I'll have to give a mix of both for quite a while, as I've got a bag of Crunch for when the current bag runs out, can't remember where we bought it, or have the receipt to take it back, though I'm almost sure it's Wilkinsons, looking on their web site, they don't sell Optimum, so I couldn't take it back and pay extra for the Optimum.


----------



## Emmiiee (Jan 3, 2010)

my 2 are on excel nuggest of pets at home make which is cheaper but the same thing!


----------



## Emmily (Mar 22, 2010)

I ended up ordering Wagg Optimum from ChemistDirect website, along with a few other bits. Thanks Niki


----------



## niki87 (Nov 18, 2009)

You're very welcome!! Was by far the best prices I found!! Yay glad to have helped!! xx


----------



## Jamie760 (Oct 14, 2010)

Im going to go and purchase that now, because my guinea pigs never eat all wagg crunch I give them.


----------



## Jamie760 (Oct 14, 2010)

I ordered it of chemist direct, the cheapest supplier I could find. My guinea pigs munch it down. Before I had fed them Cavy Cuisine.

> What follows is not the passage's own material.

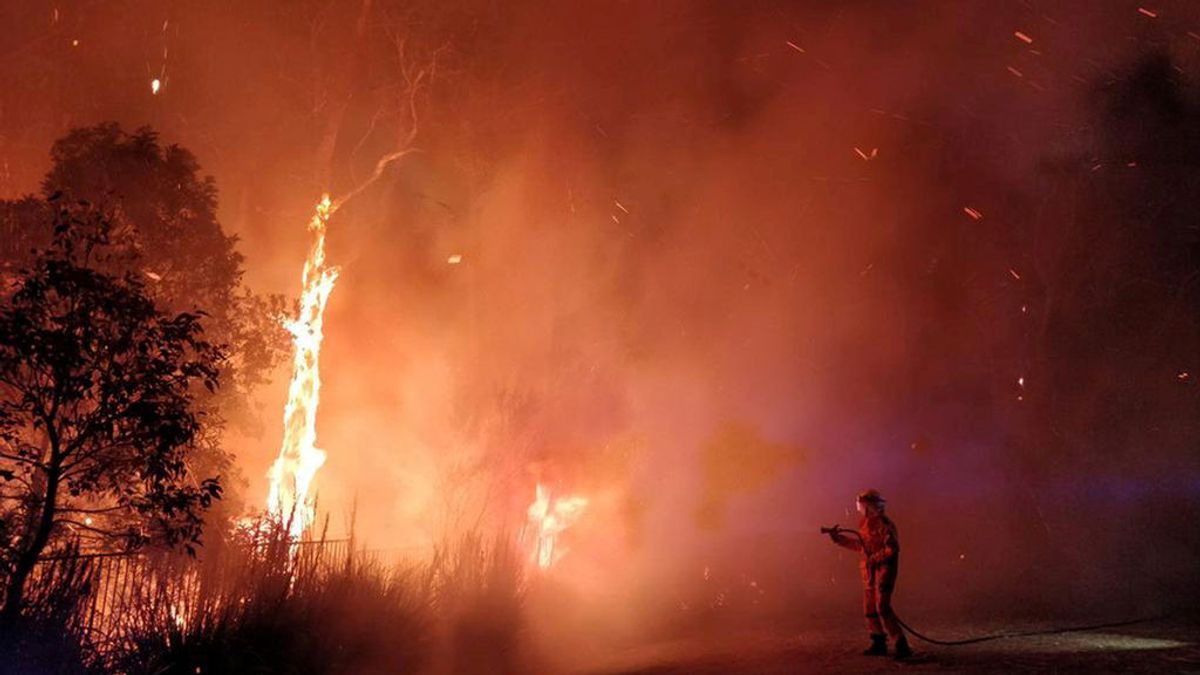 Un gel antincendios forestales, la esperanzadora solución de los científicos para combatir el fuego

But they love optimum.


----------



## Halflife308 (Oct 18, 2010)

For any users here from the UK you can buy yours off Amazon.co.uk for only £9.00.
:lol:


----------



## Leah84 (Jun 22, 2009)

i use wagg optimum, normally buy it from morrisons or tesco and my 2 love it


----------



## Leah84 (Jun 22, 2009)

Halflife308 said:


> For any users here from the UK you can buy yours off Amazon.co.uk for only £9.00.
> :lol:


  

that`s a rip off!!! i only pay about £2.79 for the same sized bag from morrisons!


----------



## niki87 (Nov 18, 2009)

Halflife308 said:


> For any users here from the UK you can buy yours off Amazon.co.uk for only £9.00.
> :lol:


Wow!! I pay 2.49 via Chemistdirect!!! xx


----------